→ Recorded information:
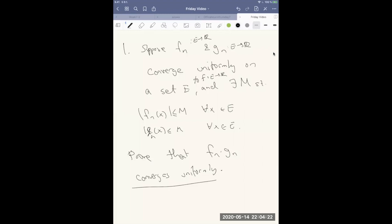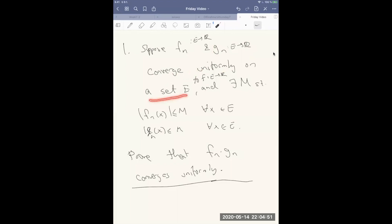Hi all, and good luck on the exam. I just wanted to give you one last problem if you get stuck on the exam and want a little bit more inspiration for some of the problems. In this problem — a modification from one in Rudin — we have a sequence of functions fn: E → ℝ and gn: E → ℝ, converging uniformly on a set E to functions f and g respectively.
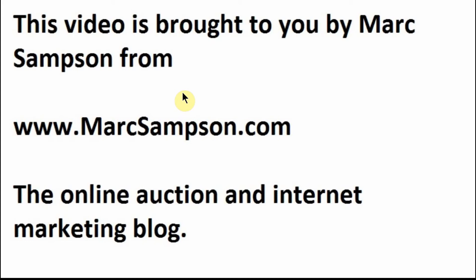Hello fellow eBayers. My name is Mark Sampson from MarkSampson.com.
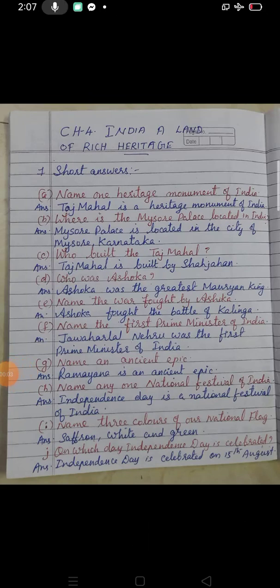Hello children, today we will learn Chapter Number 4: India, a Land of Rich Heritage — short answer questions. Please take out short answer questions of Chapter Number 4.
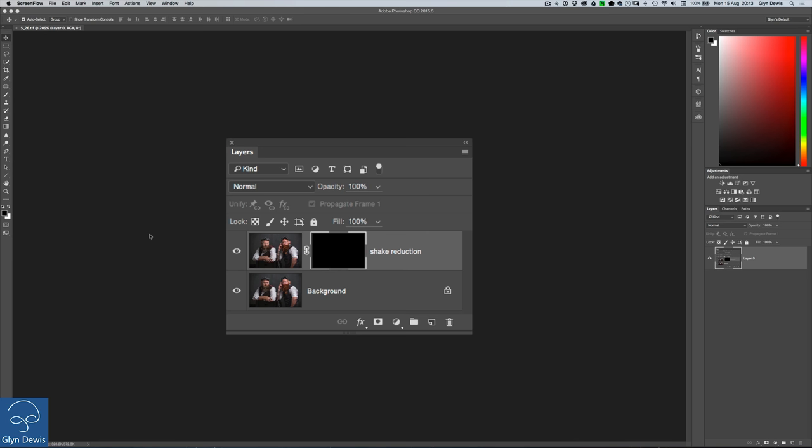If you've used Photoshop for a while, you're more than likely aware or at least have heard of something called Actions. Actions in Photoshop basically allow us to record a series of steps and then be able to do them again at any time in the future, but instead of having to do the steps again we can just click once on a play button.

→ Assigned task:
Reproduce word for word the lines from the line holding "Hello children, today" through the last line of the material above, inclusive, and keep pictures out of it.

→ Written response:
Hello children, today we will learn Chapter Number 4: India, a Land of Rich Heritage — short answer questions. Please take out short answer questions of Chapter Number 4.
If you've used Photoshop for a while, you're more than likely aware or at least have heard of something called Actions. Actions in Photoshop basically allow us to record a series of steps and then be able to do them again at any time in the future, but instead of having to do the steps again we can just click once on a play button.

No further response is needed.